So, the guy that I met through my meet up is quite interesting. He has a criminal history  that he let us all know before he came to his first meeting. He didn’t give us details of he crime, just that is was attempted murder and that he is living at the local halfway house. When he showed up at the meeting last month, I don’t know what I was expecting but I know I was not expecting a normal looking guy that was educated and articulate. No strange piercings or visible tattoos. He seems very intelligent and interesting to talk to. He had to leave early due to curfew so none of us really got to know him but I was curious about his story. Not that I was necessarily interested in HIM but I am always curious about people and how they get where they are. Psychology is fascinating to me. I have always thought that most people, deep down, are good. Many people, given a second chance can turn themselves around. All of us have made mistakes or done things that are stupid and could have possibly ruined our lives, IE drunk driving. Most of us have not been caught so we have been lucky. I send him a message via meetup and told him that I was glad he had made it and mentioned the courage it took to tell us his history before he came. Our group was welcoming to him. I don’t think anyone has ostracized him at all. He was definitely treated as he was welcome. I was proud of our group.

This months meeting came around and he was able to stay for the entire meeting and visit afterwards. I found him very intriguing and interesting to talk to. He contributed to the discussion well and I realized that if I did not know his history that I would be interested. As a humanist, I realized, I was interested in at least knowing his story before I decided to give him a shot or not. We have things on common. I had to know so I blurted out to him that I wanted to get to know him. I am definitely learning to say how I feel and do what I want. So, I emailed him and he invited me to come see him at his job so i could get his story and then decide what I wanted to do. He asked me to not google him until after he talked to me. That was an easy request. The media always focuses on the worst of people. I have seen that with people that I know.

Last night, I went to his work before meeting some friends of mine.. We had just under 45 minutes to talk and it was in a public place s I figured I was safe. Damn, we hit it off. He incident was the only time he has been in trouble. He was drunk and did something stupid and no one was even hurt. It really sounds like what he was charged with was excessive for what happened. He has served nine years and will shortly be leaving here to go take care of his elderly mother. He got out early for good behavior and is doing well in the system. I was really, kind of hoping, that after I spent time with him, I would be done with the interest. I usually do not like bad boys. Unfortunately, that did NOT happen and he is NOT a bad boy.

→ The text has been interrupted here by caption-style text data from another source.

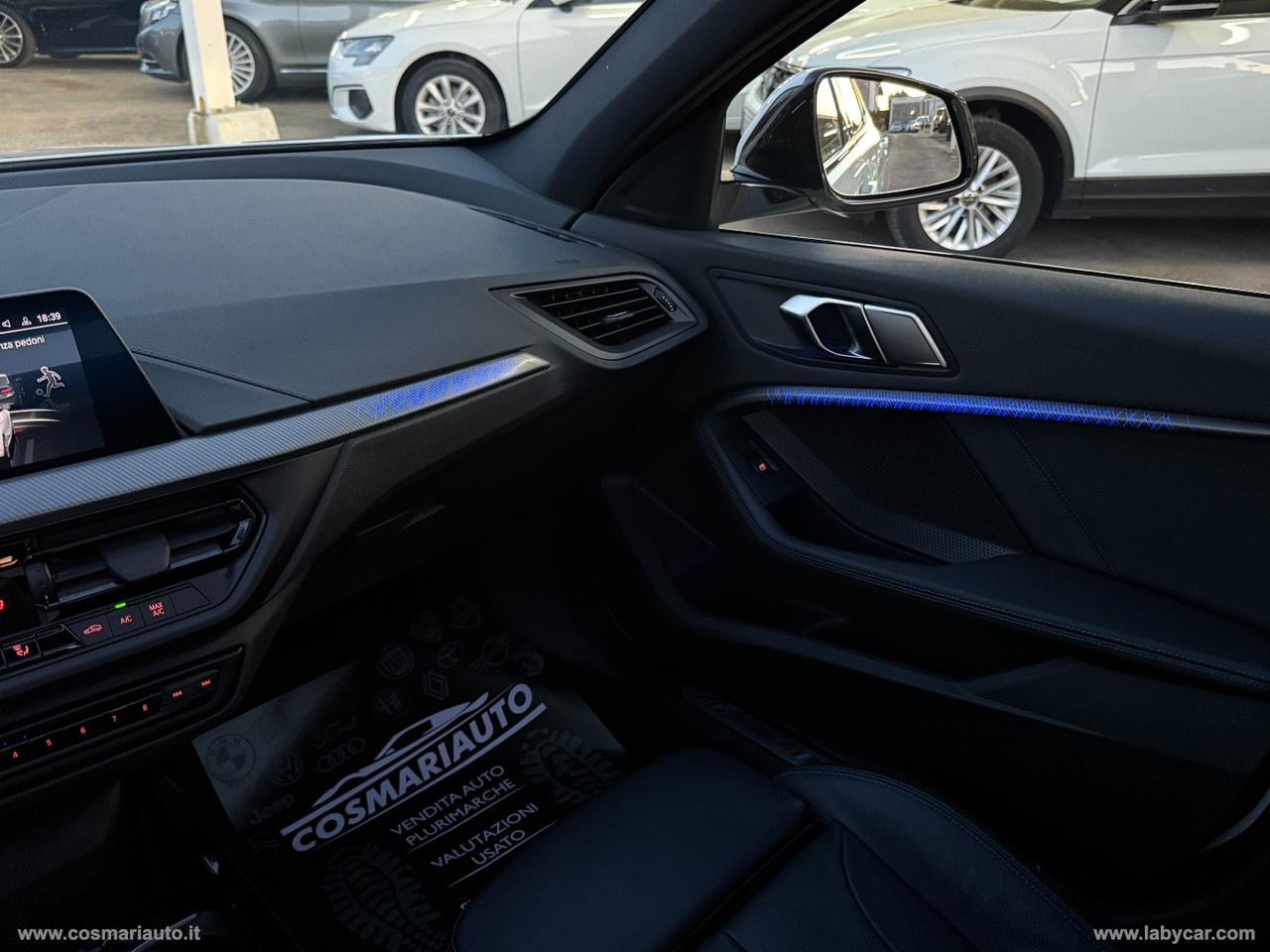 BMW 118d 5p. Msport AUTOMATIC TETTO APRIBILE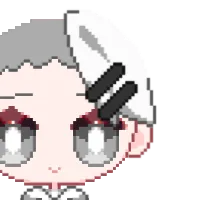 Hair Bangs LR Hairclip 2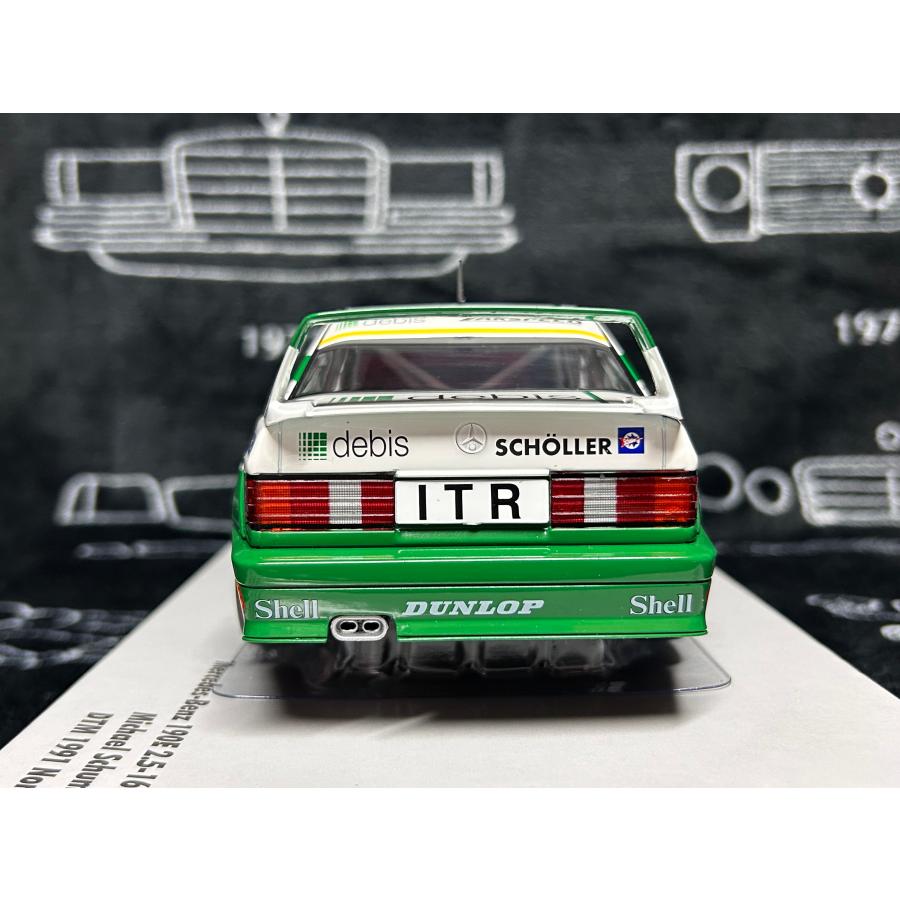 限定版 Werk83 1/18 Mercedes Benz 190E 2.5-16 Evo2 #20 DTM 1991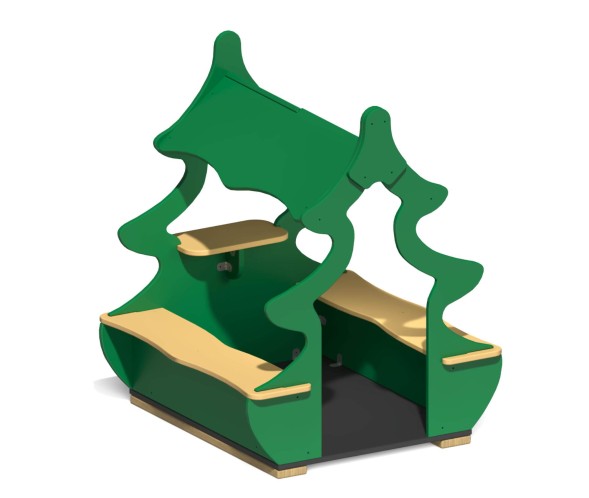 Домик “Елочка”, ПС-68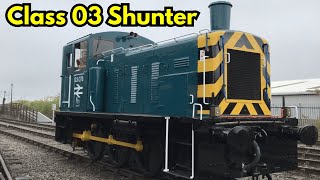 The Class 03 Shunter Punched Above Its Weight #class03 #shunter #locomotive #fyp #railway #train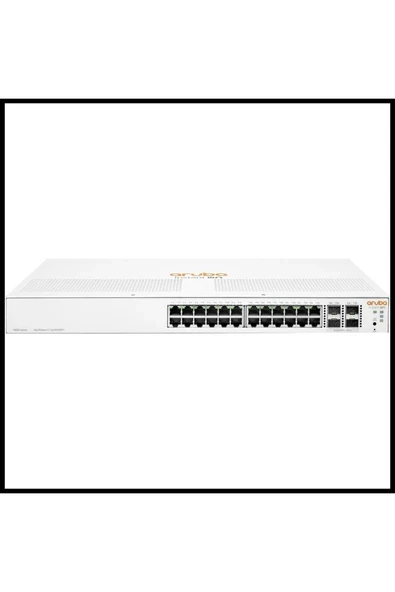 Aruba Instant On, Jl682a, 1930-24g, 24port, Gigabit, 4 Port Gigabit Sfp, Yönetilebilir, Rack Moun ürün görseli 1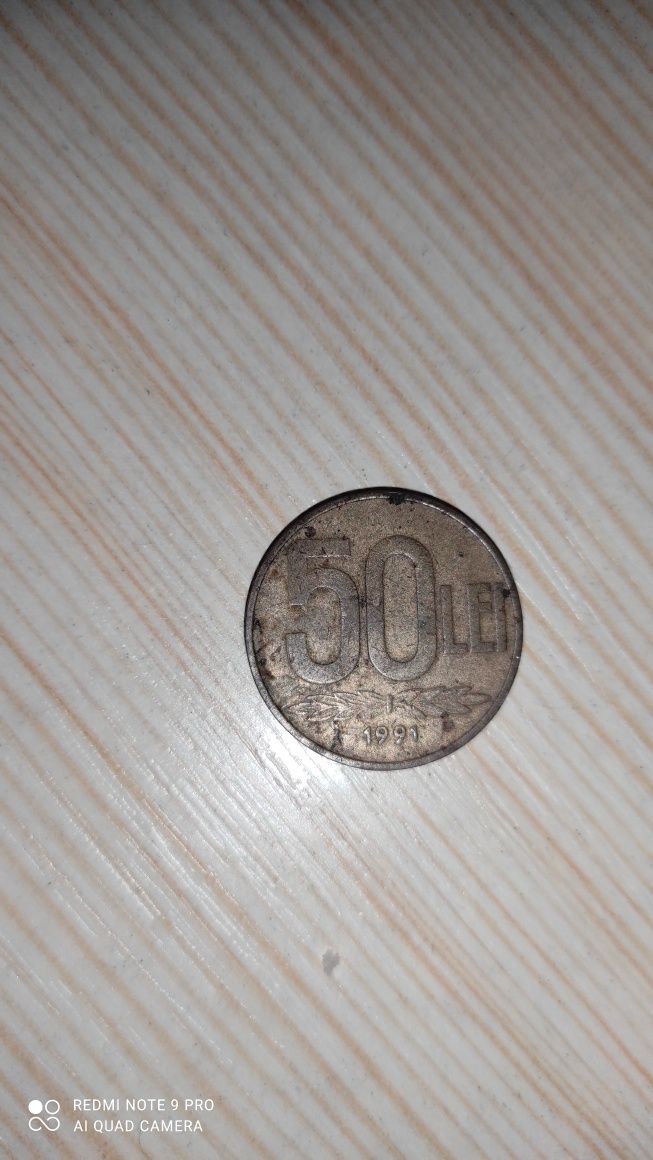 Moneda veche 50 lei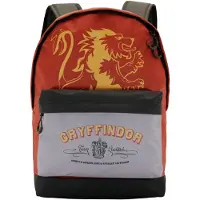 KARACTERMANIA Warner Bros. Rugzak 'Harry Potter Gryffindor-FAN HS' geel / rood / zwart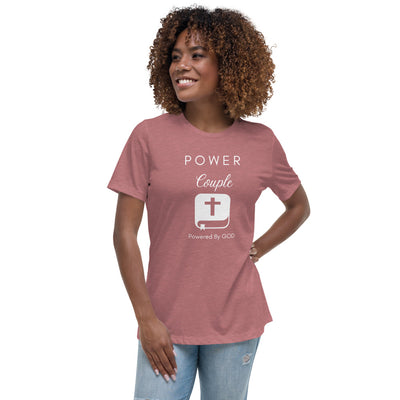 Women's Power Couple Relaxed T-Shirt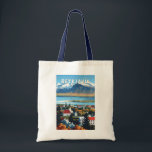 Tote Bag Reykjavík Islande Travel Art Vintage<br><div class="desc">Reykjavík design de déplacement vectoriel rétro. Reykjavík est la capitale la plus septentrionale d'un État souverain dans le monde. C'est l'une des villes les plus propres,  les plus vertes et les plus sûres du monde.</div>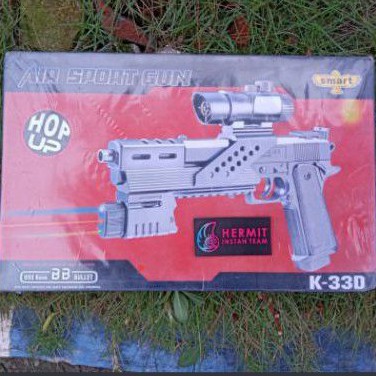 Handgun Box K-33DHigh Capa Spring Pistol Kokang
Merk : Smart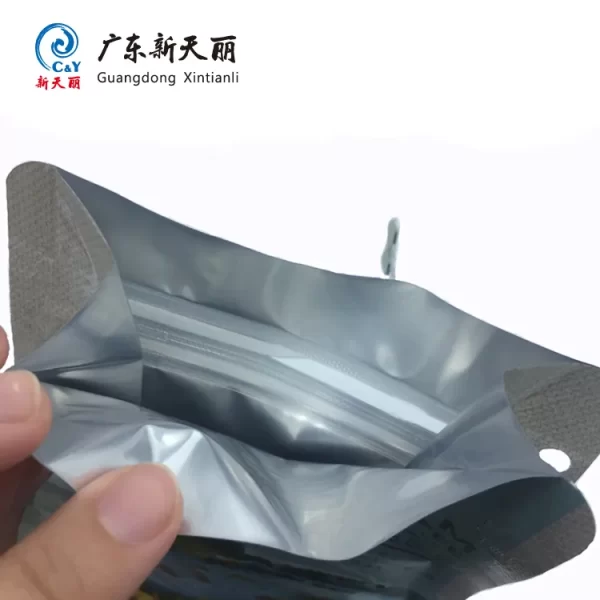 Custom Coffee Bags with Valve, Wholesale Box Bottom Pouches-6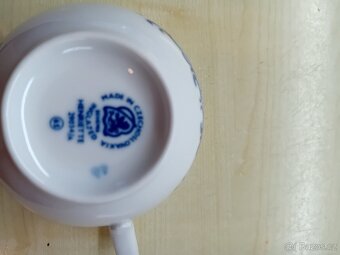 Porcelánový servis - 2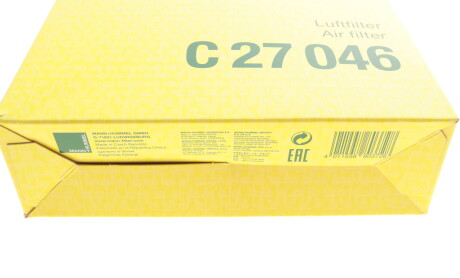 Фото 7 - Воздушный фильтр MANN C 27 046 (C27046)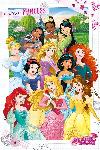 Affiche Disney Princess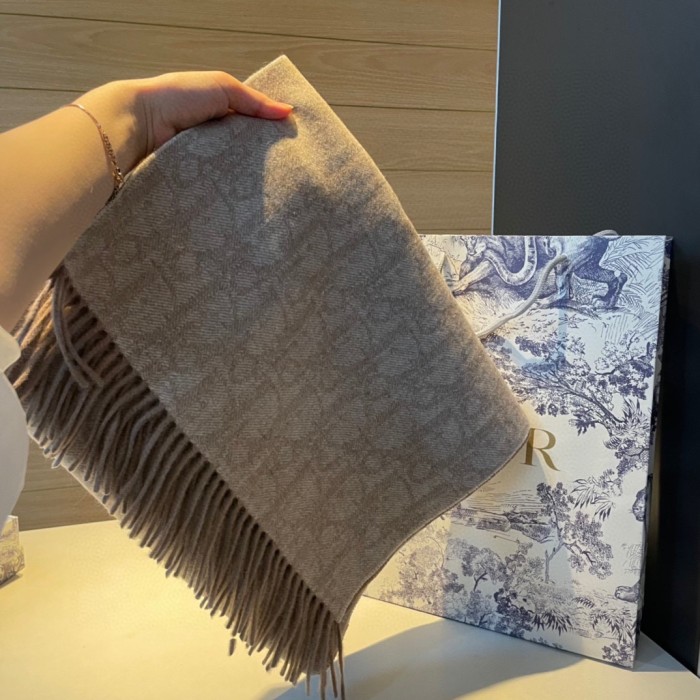 Streetwear Scarf Dior 325657 SIZE:38*190cm
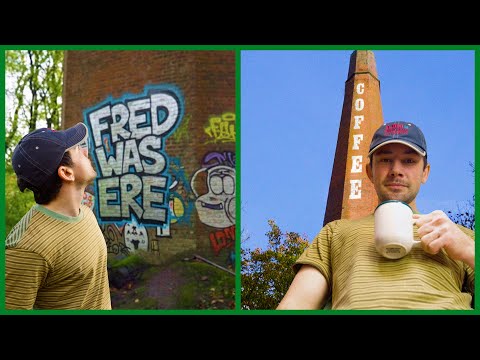 i turned an abandoned chimney into a cozy cafe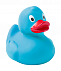 Резиновая утка,синий с логотипом в Самаре заказать по выгодной цене в кибермаркете AvroraStore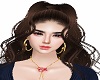 JVC Curly Brown Hair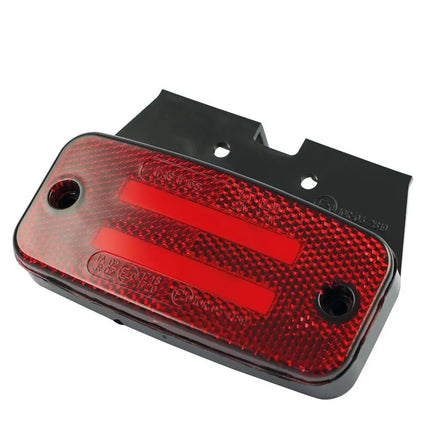 WAS - LED-Positionsleuchte 12/24V rot Neon - 1 - Stück WAS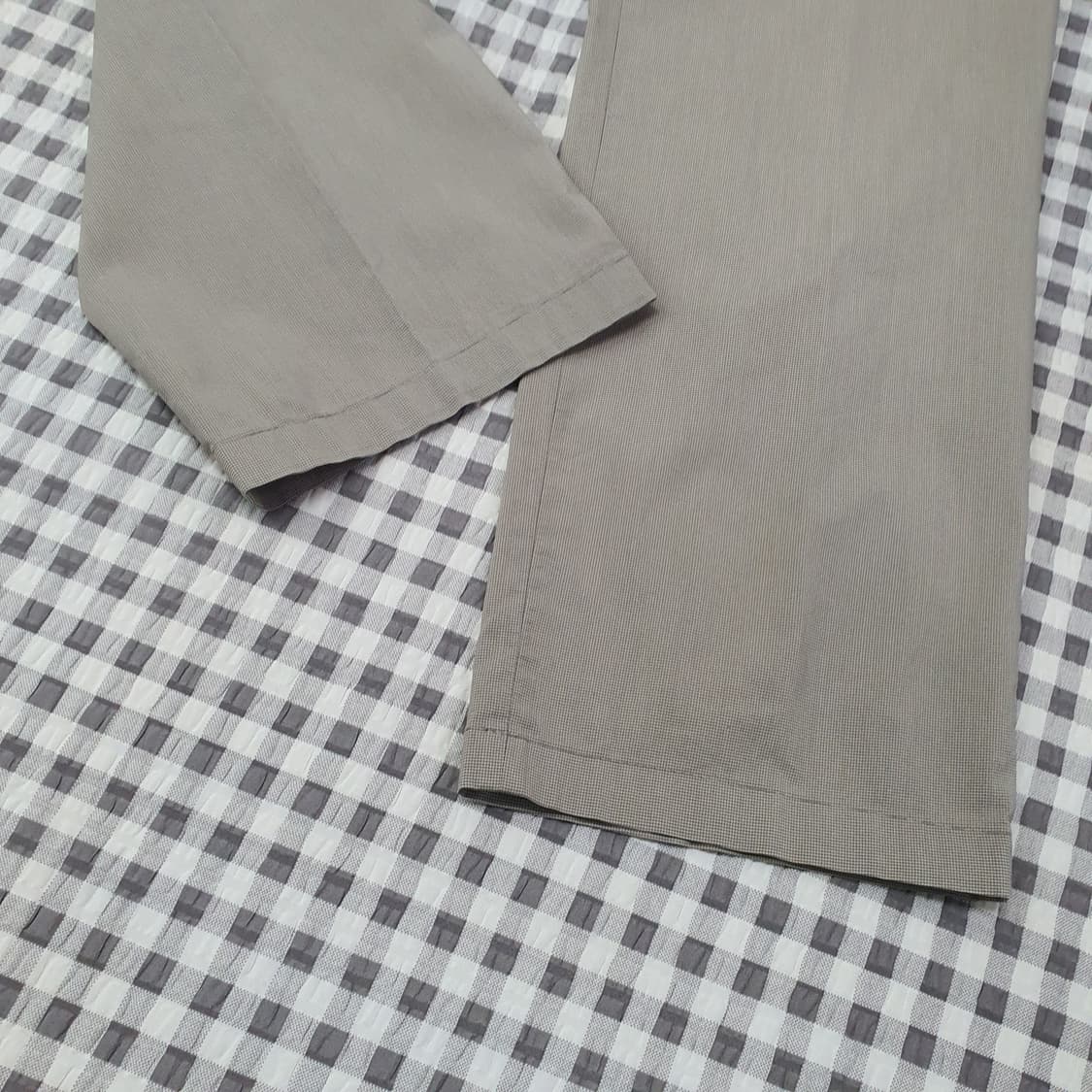 까르뜨블랑슈 스판 면바지 남자30 상품이미지4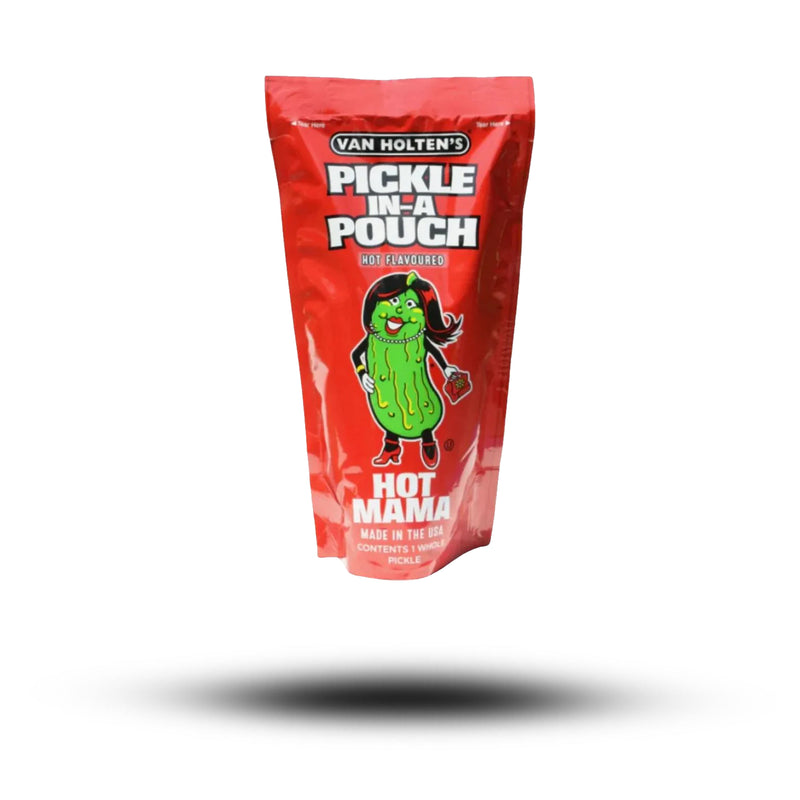 Van Holtens Pickle Hot Mama Pickle King 167g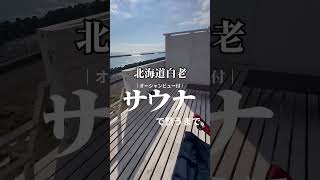 北海道白老サウナの整い方。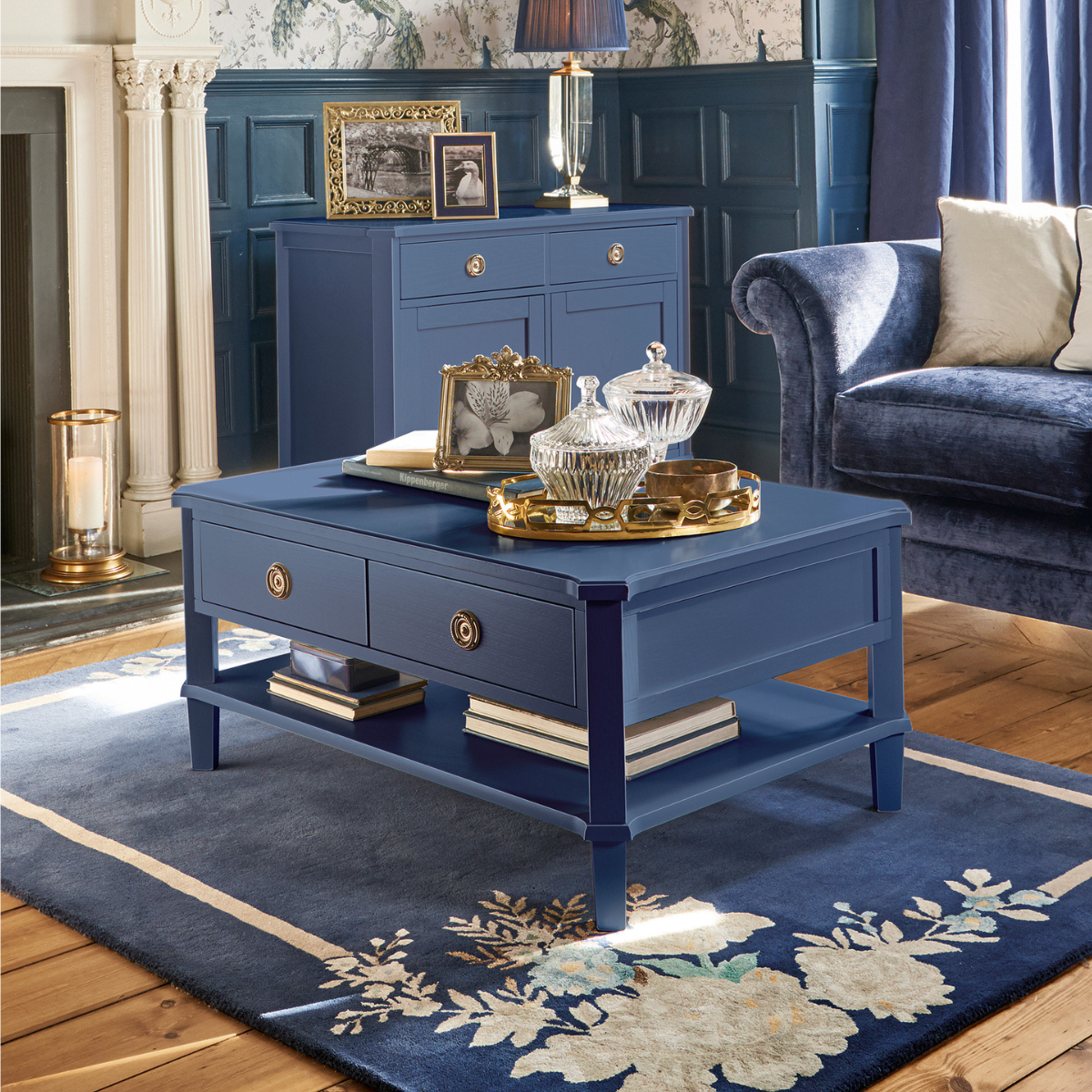 Henshaw 2 Drawer Coffee Table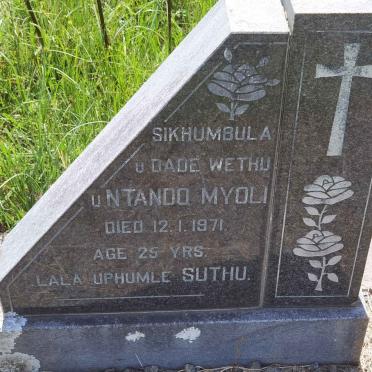 MYOLI Ntando -1971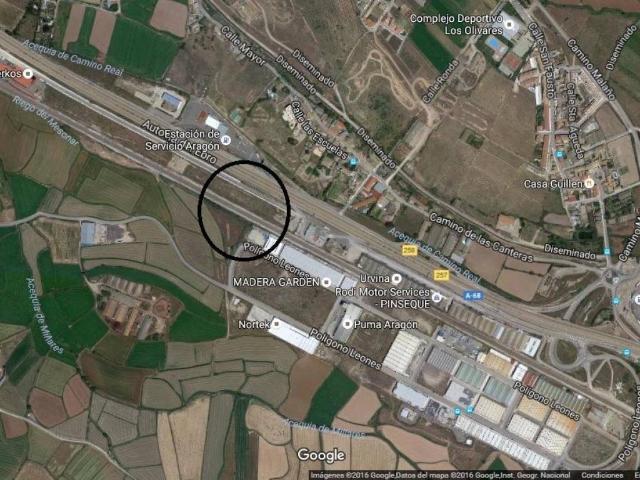 Terreno en venta en Zaragoza, Aragón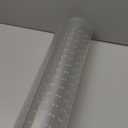 Kuyal Desk Chair Mat for Carpet, 51'' x 63'' Rectangle Transparent Mats for Chairs Good for Desks, Office and Home, Easy Glide, Protects Floors for Low and No Pile Carpeted Floors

He is kind and educated and a hard worker and articulate and has all his teeth. I went out with friends and then went back to talk to him some more.  Eventually, he was holding my hand and then kissed me.  I didn’t expect that but I liked it. He then asked me if I was getting myself in trouble since we know he is leaving in a several months. He is worried about ME in this potential relationship.

I thought about that question the entire drive home and I think he is actually, in many ways, in a more dangerous situation. He stated I was the first girl he has kissed in ten years. In some ways, I am a rebound girl. I am used to my freedom again. I am comfortable with where I am. He is starting all over as I was three years ago but with even less than I was. I ended up texting him when I got home and told him that we all take risks with dating and who knows what will happen in seven months. We may end up deciding we are not at all compatible or the opposite. We will deal with whatever happens. At least, I have made friends with an ex-con. I never thought that I would have a crush on an ex-con. I try to never judge people. He is not a domestic abuser. He is not a rapist or sex offender. He is not a career criminal. He made a mistake while drunk and has owned up to it. Doesn’t he deserve a chance at a relationship? Doesn’t he deserve to some day have love again? Doesn’t he deserve to be happy? I say yes. I just don’t know if I am crazy for participating in this and possibly being involved with him. We are going to fill out papers so we can go on official dates and see what happens. I guess I have to answer all sorts of questions. This is definitely an interesting turn of events.

Anyone have any comments on this? Am I CRAZY???